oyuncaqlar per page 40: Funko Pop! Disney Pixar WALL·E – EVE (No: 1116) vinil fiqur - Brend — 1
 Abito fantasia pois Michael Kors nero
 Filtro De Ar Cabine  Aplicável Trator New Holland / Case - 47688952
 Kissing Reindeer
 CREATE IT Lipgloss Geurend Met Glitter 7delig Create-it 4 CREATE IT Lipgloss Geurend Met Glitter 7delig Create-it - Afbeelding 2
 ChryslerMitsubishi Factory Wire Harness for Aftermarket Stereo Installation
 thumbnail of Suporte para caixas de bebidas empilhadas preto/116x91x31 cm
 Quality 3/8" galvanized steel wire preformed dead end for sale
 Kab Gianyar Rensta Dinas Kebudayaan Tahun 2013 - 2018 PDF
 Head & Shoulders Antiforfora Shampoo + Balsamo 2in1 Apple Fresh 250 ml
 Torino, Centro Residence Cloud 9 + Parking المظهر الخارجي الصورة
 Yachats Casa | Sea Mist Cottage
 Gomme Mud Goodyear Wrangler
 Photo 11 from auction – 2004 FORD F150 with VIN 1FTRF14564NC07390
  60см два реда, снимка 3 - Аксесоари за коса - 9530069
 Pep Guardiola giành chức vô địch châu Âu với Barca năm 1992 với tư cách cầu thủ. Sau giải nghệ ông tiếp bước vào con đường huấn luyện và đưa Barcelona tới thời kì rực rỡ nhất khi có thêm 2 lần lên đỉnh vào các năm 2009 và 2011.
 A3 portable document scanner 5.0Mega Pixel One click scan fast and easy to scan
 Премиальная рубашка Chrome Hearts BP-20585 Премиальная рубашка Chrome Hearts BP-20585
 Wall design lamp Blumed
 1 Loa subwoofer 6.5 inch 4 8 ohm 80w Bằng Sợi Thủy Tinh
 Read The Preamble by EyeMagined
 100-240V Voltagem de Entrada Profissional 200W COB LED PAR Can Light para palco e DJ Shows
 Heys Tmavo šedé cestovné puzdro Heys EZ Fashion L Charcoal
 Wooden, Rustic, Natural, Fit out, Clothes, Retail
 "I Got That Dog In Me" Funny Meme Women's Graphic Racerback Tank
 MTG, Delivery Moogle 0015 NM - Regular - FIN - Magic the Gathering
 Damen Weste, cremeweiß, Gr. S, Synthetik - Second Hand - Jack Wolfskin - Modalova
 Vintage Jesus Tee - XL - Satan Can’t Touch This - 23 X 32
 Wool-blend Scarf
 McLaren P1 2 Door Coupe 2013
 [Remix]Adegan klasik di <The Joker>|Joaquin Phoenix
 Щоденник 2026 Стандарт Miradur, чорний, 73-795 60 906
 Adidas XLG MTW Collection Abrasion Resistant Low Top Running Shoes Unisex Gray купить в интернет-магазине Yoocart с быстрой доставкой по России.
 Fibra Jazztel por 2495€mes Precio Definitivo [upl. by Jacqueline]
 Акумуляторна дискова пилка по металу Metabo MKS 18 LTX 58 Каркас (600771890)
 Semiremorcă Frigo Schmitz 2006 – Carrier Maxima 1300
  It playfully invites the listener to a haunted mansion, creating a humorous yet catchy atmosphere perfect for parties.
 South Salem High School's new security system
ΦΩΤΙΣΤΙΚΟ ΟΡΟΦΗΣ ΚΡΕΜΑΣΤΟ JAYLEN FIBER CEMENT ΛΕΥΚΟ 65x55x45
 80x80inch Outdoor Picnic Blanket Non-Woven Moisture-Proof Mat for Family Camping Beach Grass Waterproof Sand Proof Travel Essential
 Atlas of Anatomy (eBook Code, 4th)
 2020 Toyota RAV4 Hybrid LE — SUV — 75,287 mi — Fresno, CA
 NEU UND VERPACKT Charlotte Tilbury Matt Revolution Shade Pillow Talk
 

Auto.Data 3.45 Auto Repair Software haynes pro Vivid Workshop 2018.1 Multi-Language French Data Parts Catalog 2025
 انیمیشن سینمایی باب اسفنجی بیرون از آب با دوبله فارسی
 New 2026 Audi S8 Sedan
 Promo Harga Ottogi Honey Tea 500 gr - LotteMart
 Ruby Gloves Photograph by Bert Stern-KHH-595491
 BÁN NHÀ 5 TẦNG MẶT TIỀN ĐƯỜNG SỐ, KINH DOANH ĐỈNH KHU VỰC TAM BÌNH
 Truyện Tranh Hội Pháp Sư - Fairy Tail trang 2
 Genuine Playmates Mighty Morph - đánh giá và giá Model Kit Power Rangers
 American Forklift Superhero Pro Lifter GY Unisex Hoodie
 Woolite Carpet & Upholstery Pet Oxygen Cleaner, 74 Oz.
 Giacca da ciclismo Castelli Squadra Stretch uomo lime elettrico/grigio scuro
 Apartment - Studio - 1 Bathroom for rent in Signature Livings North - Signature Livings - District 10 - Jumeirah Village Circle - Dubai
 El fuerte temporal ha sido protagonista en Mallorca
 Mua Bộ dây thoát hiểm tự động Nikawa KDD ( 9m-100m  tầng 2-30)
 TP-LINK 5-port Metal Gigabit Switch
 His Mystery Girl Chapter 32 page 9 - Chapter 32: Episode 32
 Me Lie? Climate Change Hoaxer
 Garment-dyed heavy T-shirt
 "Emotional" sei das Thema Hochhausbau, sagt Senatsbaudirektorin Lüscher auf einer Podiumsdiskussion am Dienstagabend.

::::::

◆ Work required ◆
Copy verbatim the span of lines that begins with the line holding "Promo Harga Ottogi" and ends at the last line of the records.

◆ Response to the task ◆
 Promo Harga Ottogi Honey Tea 500 gr - LotteMart
 Ruby Gloves Photograph by Bert Stern-KHH-595491
 BÁN NHÀ 5 TẦNG MẶT TIỀN ĐƯỜNG SỐ, KINH DOANH ĐỈNH KHU VỰC TAM BÌNH
 Truyện Tranh Hội Pháp Sư - Fairy Tail trang 2
 Genuine Playmates Mighty Morph - đánh giá và giá Model Kit Power Rangers
 American Forklift Superhero Pro Lifter GY Unisex Hoodie
 Woolite Carpet & Upholstery Pet Oxygen Cleaner, 74 Oz.
 Giacca da ciclismo Castelli Squadra Stretch uomo lime elettrico/grigio scuro
 Apartment - Studio - 1 Bathroom for rent in Signature Livings North - Signature Livings - District 10 - Jumeirah Village Circle - Dubai
 El fuerte temporal ha sido protagonista en Mallorca
 Mua Bộ dây thoát hiểm tự động Nikawa KDD ( 9m-100m  tầng 2-30)
 TP-LINK 5-port Metal Gigabit Switch
 His Mystery Girl Chapter 32 page 9 - Chapter 32: Episode 32
 Me Lie? Climate Change Hoaxer
 Garment-dyed heavy T-shirt
 "Emotional" sei das Thema Hochhausbau, sagt Senatsbaudirektorin Lüscher auf einer Podiumsdiskussion am Dienstagabend.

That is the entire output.